## Your objective
There should be no pictures in your answer, only an exact copy of the lines from the one with "Station of Race Font Fachranheit Studio" through the end of the material.
*** Opening Listed entries ***
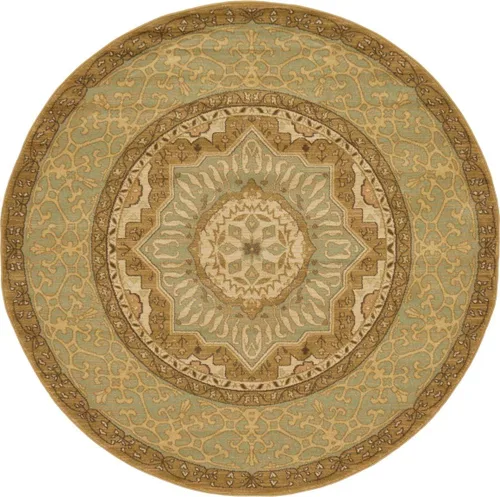 Miniatura 30 de Unique Loom Palace Collection - Alfombra Saray (2 pies x 3 pies 1 pulgada, rectangular, crema/marrón claro)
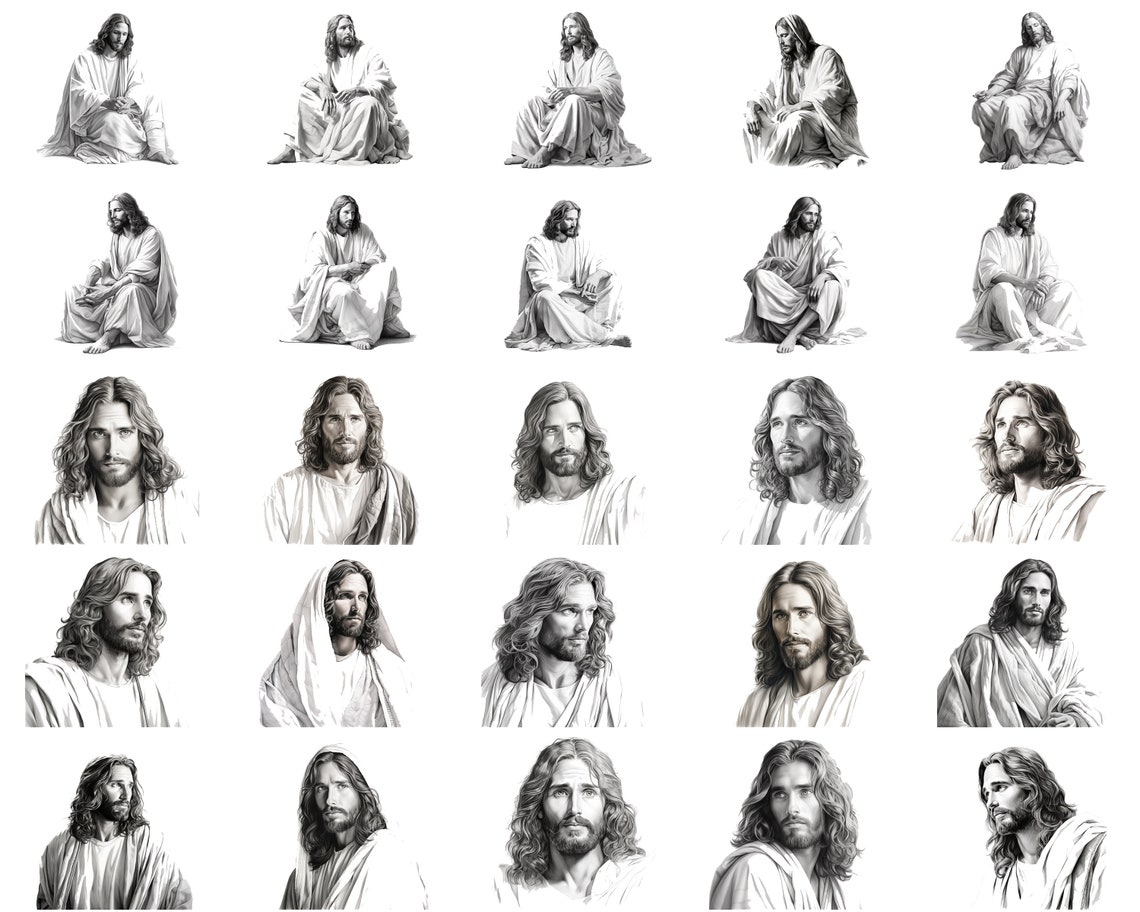 100+ Procreate Jesus Christ Stamps, Jesus Christ Brushes for Procreate ...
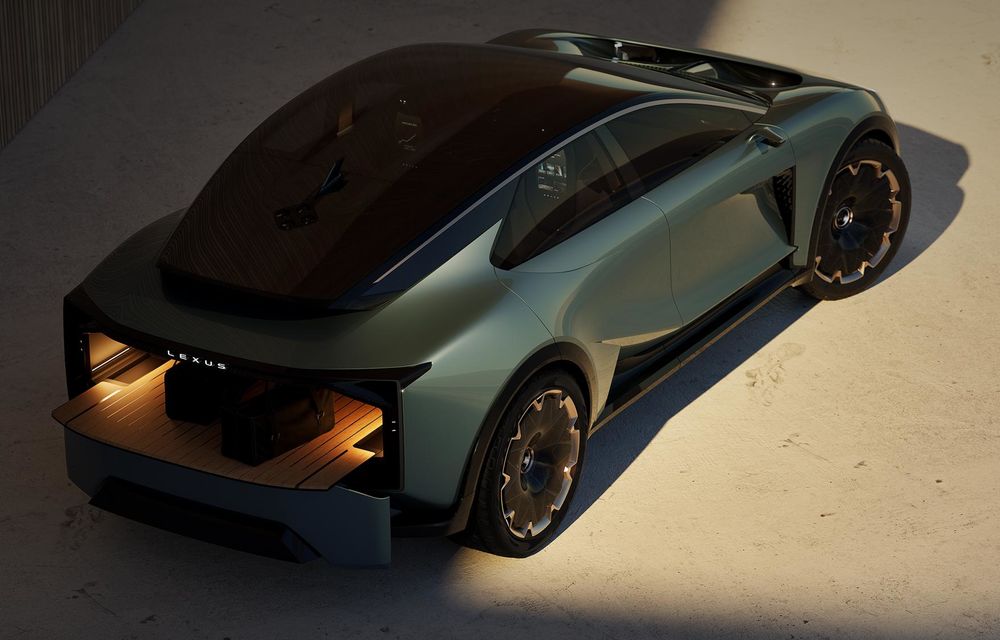 Identitate dublă: Lexus LS, prezentat sub forma unui concept care anunță un viitor SUV Coupe - Poza 8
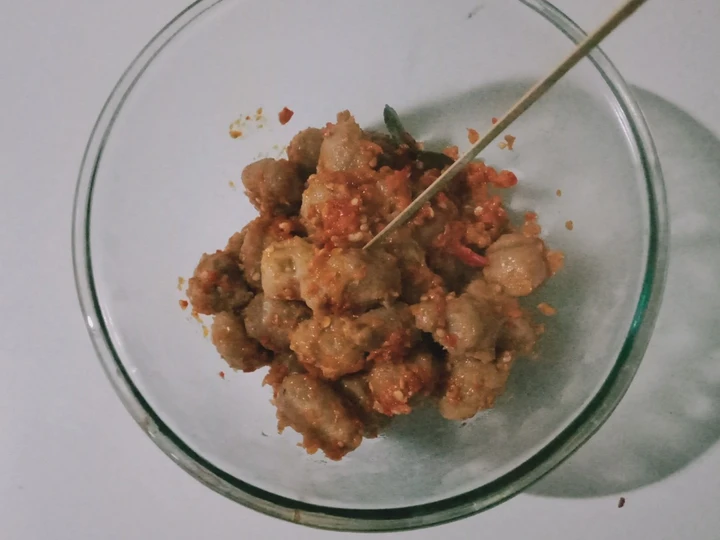 Langkah Mudah untuk Menyiapkan Resep Pentol judes/ pentol mercon(Pentol pedas) yang Bisa Manjain Lidah Anti Ribet, Lezat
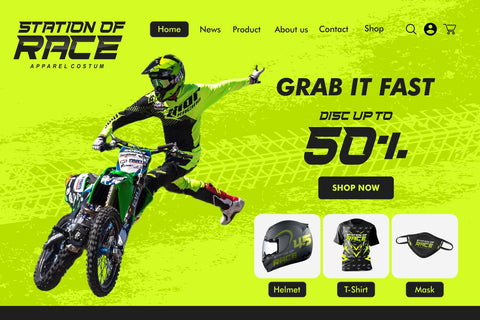 Station of Race Font Fachranheit Studio 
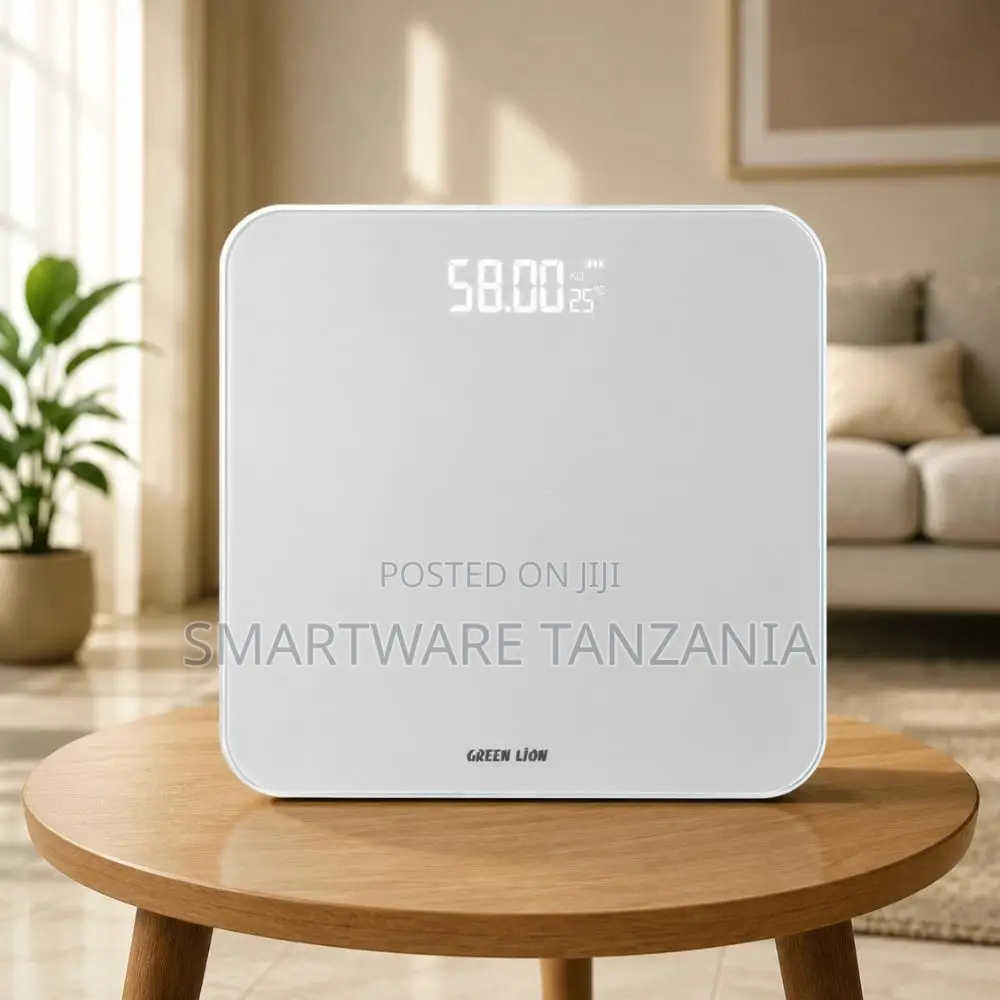 Green Lion GBC-100 Digital Body Scale With Tempered Glass Pane, 180KG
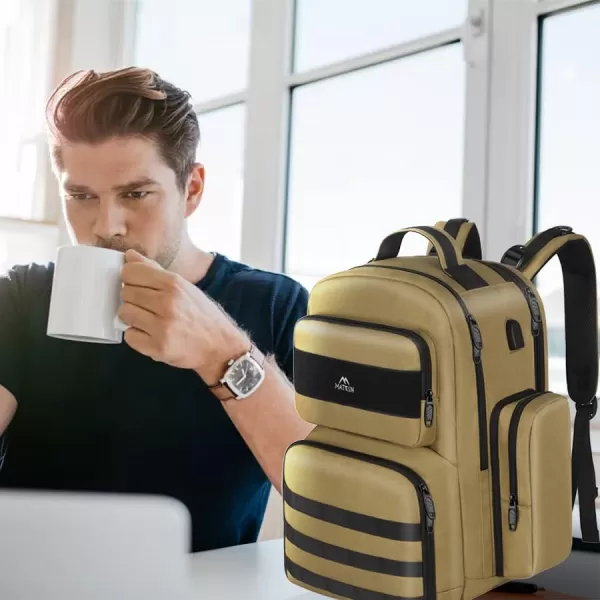MATEIN Lunch Backpack for Men 156 Inch Travel Laptop Backpack Insulated Cooler Bag Lunch box Rucksack with USB Charging Port Extra Large Water Resistant College Work Computer Daypack Gifts for MenBrown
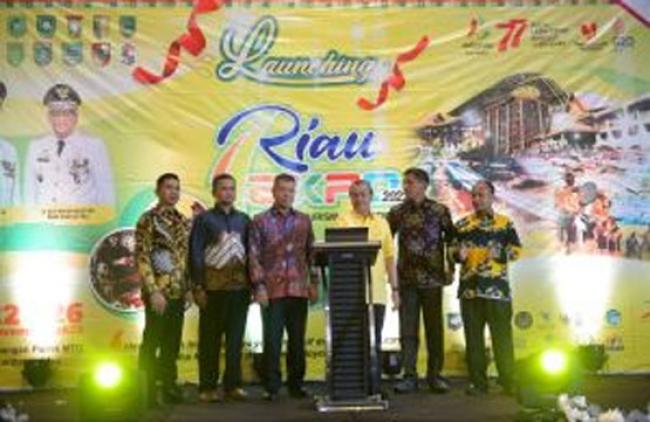 Gubri Syamsuar Resmi Launching Riau Expo 2022
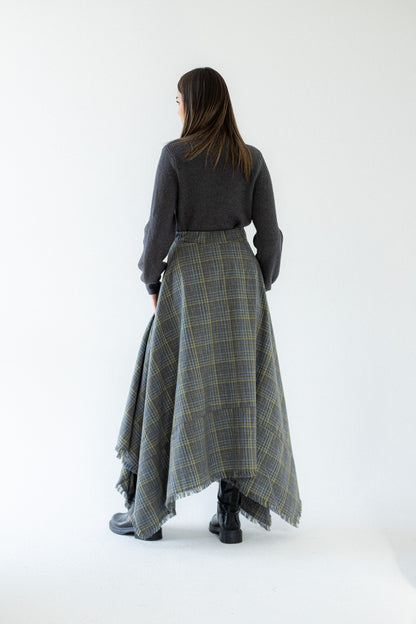 The Plaid Wrap skirt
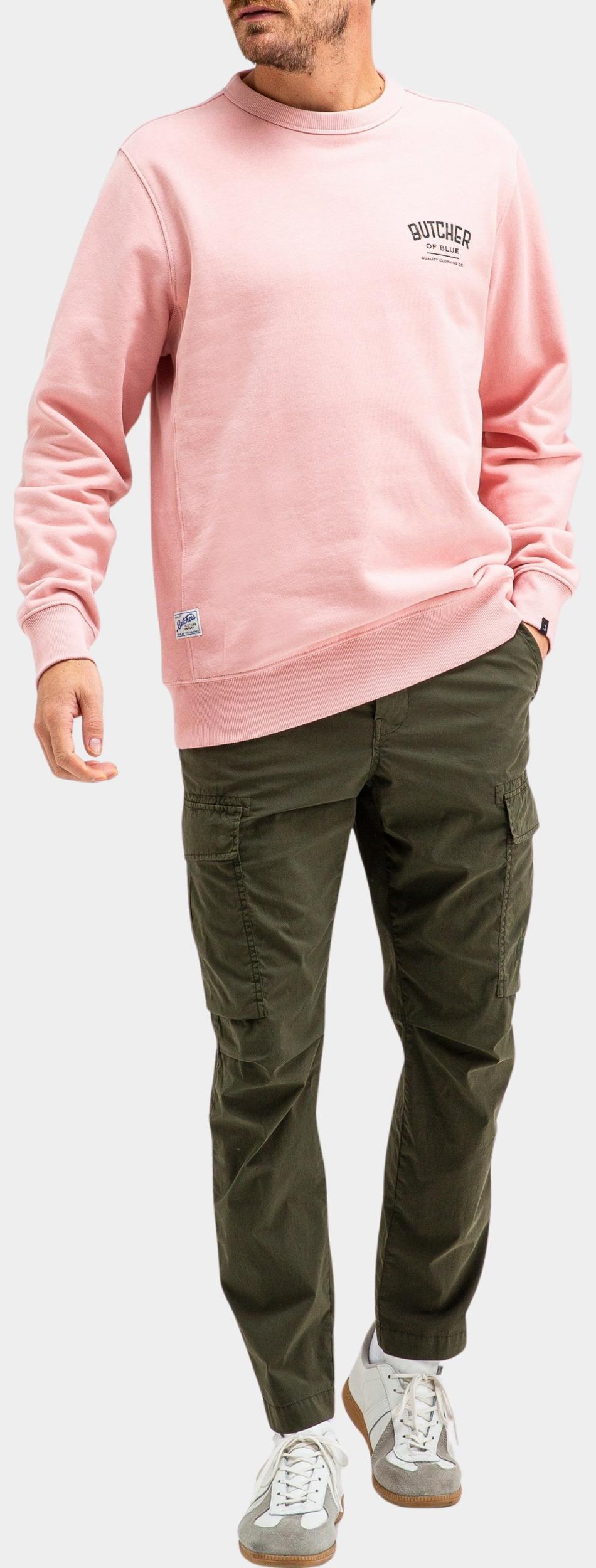 Butcher of Blue Sweater Roze Army College Crew M2513007/515
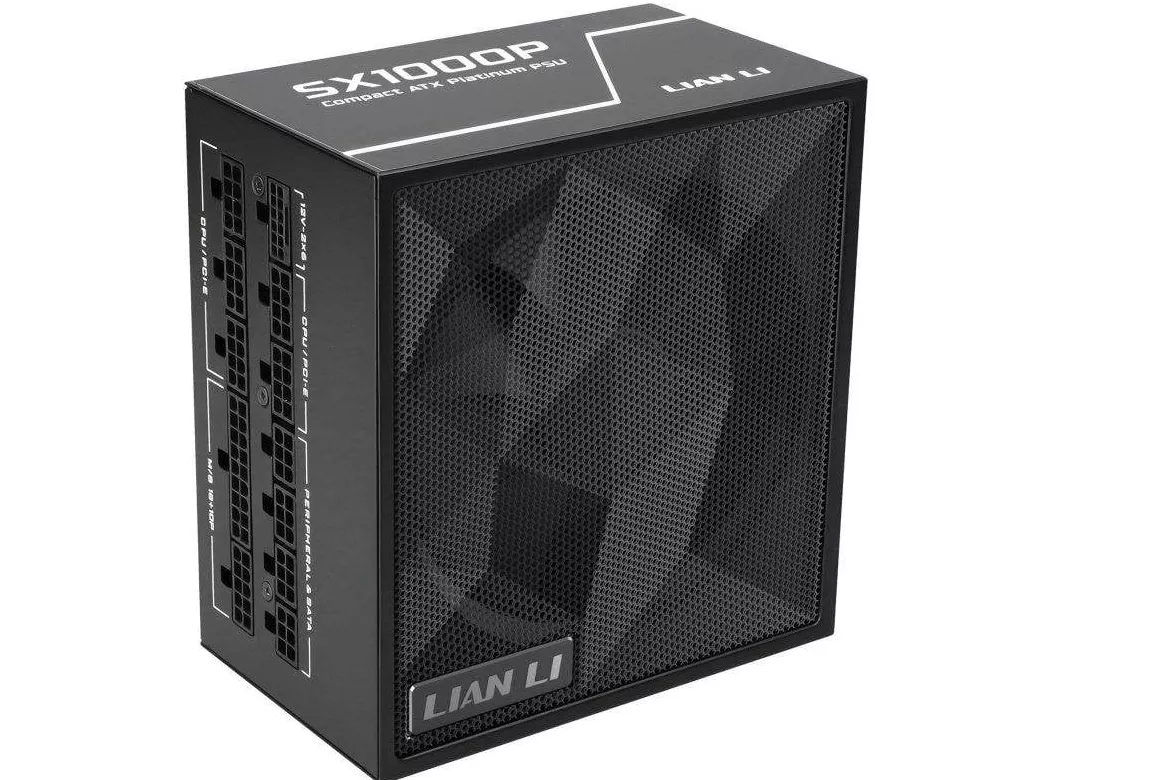 Fuente de Alimentaci&oacute;n Lian Li SX Platinum 1000W 80 PLUS Platinum modular ATX 3.1 ventilador silencioso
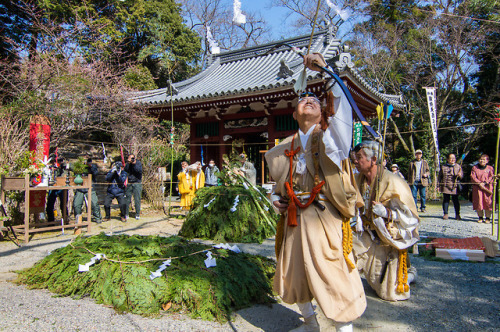 Fire-walking festival in Futami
*** Closing Listed entries ***
## Task response
 Station of Race Font Fachranheit Studio 
 Green Lion GBC-100 Digital Body Scale With Tempered Glass Pane, 180KG
MATEIN Lunch Backpack for Men 156 Inch Travel Laptop Backpack Insulated Cooler Bag Lunch box Rucksack with USB Charging Port Extra Large Water Resistant College Work Computer Daypack Gifts for MenBrown
 Gubri Syamsuar Resmi Launching Riau Expo 2022
 The Plaid Wrap skirt
 Butcher of Blue Sweater Roze Army College Crew M2513007/515
 Fuente de Alimentaci&oacute;n Lian Li SX Platinum 1000W 80 PLUS Platinum modular ATX 3.1 ventilador silencioso
 Fire-walking festival in Futami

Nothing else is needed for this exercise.